Clustering is an unsupervised technique used in various application, namely machine learning, image segmentation, social network analysis, health analytics, and financial analysis. It is a task of grouping similar objects together and dissimilar objects in different group. The quality of the cluster relies on two factors: distance metrics and data representation. Deep learning is a new field of machine learning research that has been introduced to move machine learning closer to artificial intelligence. Learning using deep network provides multiple layers of representation that helps to understand images, sound, and text. In this chapter, the need for deep network in clustering, various architecture, and algorithms for unsupervised learning is discussed.
TopIntroduction
Growth in digital data and storage methodologies has resulted in collection of a huge database. The process of extracting or finding relevant and hidden information from large databases in the field of Data Mining is a powerful technology with great potential for analysis of meaningful information in data warehouse. Knowledge discovery task involves various steps, selection of target data, pre-processing of data, transformation, extracting meaningful pattern and interpreting discovered pattern. It also involves the process of extracting hidden information from large databases, which is a powerful tool to help companies to focus on predicting behavior of future trends and improve performance of the organization by analyzing future market trends.
The process of clustering involves grouping similar objects into one cluster and dissimilar objects into different cluster. The quality of clusters is evaluated based on two measures namely, intra-cluster similarity and inter-cluster similarity.
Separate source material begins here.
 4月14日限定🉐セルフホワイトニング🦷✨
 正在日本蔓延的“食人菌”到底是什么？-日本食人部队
The similarity among objects within the cluster is defined as intra-cluster similarity whereas the similarity of objects in different clusters is called as inter-cluster similarity. The cluster with low inter-cluster similarity and high intra-cluster similarity is considered to be a quality cluster. Clustering is classified into different types namely Partition based clustering, Hierarchical clustering, Model-based Clustering, Density based clustering and Graph clustering.
The important task in partition based clustering is to group set of objects into disjoint points such that points within group are similar. Given a set of n data points, the algorithm partition into clusters such that each data point is assigned to a unique cluster . There are two types of Hierarchical clustering namely Agglomerative (merge) and Divisive (divide). In the Agglomerative method, clusters are measured on the basis of distance. Initially, each object is formed as a cluster and then cluster centroids that are close to each other are merged. The Divisive method starts with a single cluster that consists of all data points and iteratively splits into various subgroups. This process continues until each cluster contains single object.
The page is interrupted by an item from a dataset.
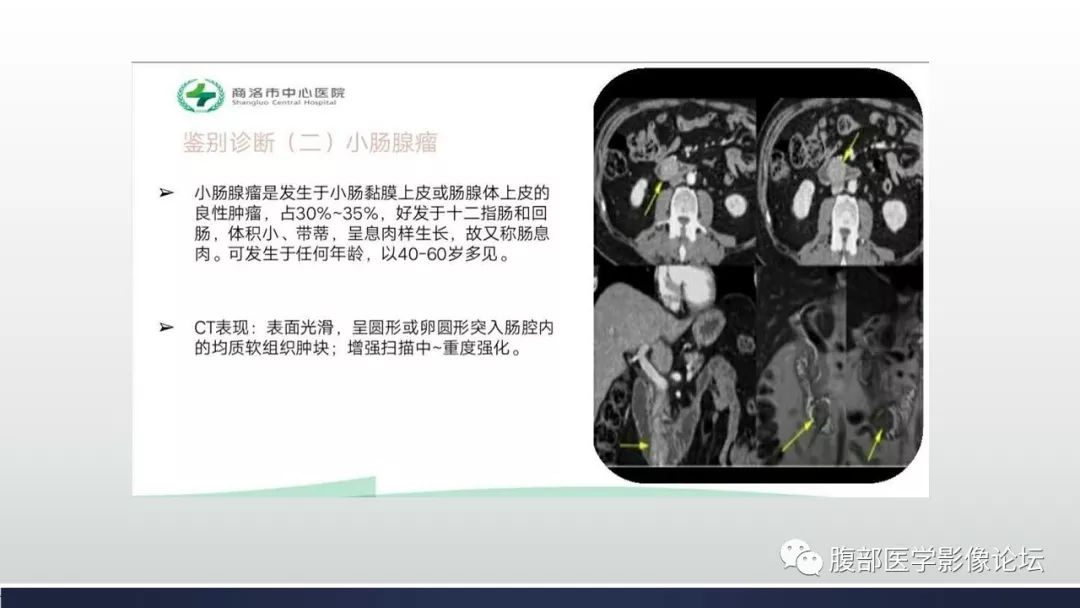 【病例】小肠间质瘤1例CT影像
Density based clustering is a method that groups objects on the basis of density. DBSCAN algorithm is a widely used density based algorithm that detects clusters with arbitrary shape and varied density. The main idea of this algorithm is that the number of objects within neighborhood must be greater than or equal to the threshold points.
Clustering technique finds extensive application in the field of business and financial data, bioinformatics, telecommunication and health applications. Credit card holders can be grouped on the basis of usage of card, purchase pattern, money spent on card, frequency of use and location of a card used. This information can be very useful for market analysis to find a group to which promotional activities can be targeted that might be of interest. This analysis can be of mutual benefit to both card holders and sellers. Market analysis is based on lifestyle, past purchase behavior or their demographic characteristics.
Clustering can also be applied in a chain store which wants to examine profit of outlets similarly placed, on the basis of variables like social neighborhood, purchase pattern, vicinity to other shops and so on. Cluster analysis has also been used widely in areas of medicine such as psychiatry, disease modelling, gene modelling and disease diagnostics. The other applications of clustering are grouping policy holders with average claim cost, creating thematic maps by grouping feature space, document classification and cluster weblog data to discover groups of similar patterns.